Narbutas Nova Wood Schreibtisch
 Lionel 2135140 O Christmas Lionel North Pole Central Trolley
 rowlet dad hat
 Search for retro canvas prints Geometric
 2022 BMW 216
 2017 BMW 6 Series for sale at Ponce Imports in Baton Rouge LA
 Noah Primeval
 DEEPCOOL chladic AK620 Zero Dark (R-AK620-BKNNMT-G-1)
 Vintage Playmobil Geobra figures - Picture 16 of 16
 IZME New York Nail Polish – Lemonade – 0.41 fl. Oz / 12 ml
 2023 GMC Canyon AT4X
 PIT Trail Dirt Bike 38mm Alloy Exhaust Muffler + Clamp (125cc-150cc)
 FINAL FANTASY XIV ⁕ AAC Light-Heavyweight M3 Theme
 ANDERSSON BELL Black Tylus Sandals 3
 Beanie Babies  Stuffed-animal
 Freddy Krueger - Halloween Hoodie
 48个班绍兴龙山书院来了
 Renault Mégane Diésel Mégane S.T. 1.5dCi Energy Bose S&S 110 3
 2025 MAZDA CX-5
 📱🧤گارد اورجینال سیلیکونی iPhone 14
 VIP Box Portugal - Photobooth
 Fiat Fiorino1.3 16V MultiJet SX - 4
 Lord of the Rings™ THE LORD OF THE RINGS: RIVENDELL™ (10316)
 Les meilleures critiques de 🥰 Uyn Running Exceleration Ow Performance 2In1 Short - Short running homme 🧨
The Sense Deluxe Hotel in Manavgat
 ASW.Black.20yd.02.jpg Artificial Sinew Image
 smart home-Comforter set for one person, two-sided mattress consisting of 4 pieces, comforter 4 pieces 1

☆ ☆ ☆ ☆ ☆

Give back exactly the lines beginning at the one with "Lord of the Rings™" and ending at the final line of the material; both boundary lines belong in it.

 Lord of the Rings™ THE LORD OF THE RINGS: RIVENDELL™ (10316)
 Les meilleures critiques de 🥰 Uyn Running Exceleration Ow Performance 2In1 Short - Short running homme 🧨
The Sense Deluxe Hotel in Manavgat
 ASW.Black.20yd.02.jpg Artificial Sinew Image
 smart home-Comforter set for one person, two-sided mattress consisting of 4 pieces, comforter 4 pieces 1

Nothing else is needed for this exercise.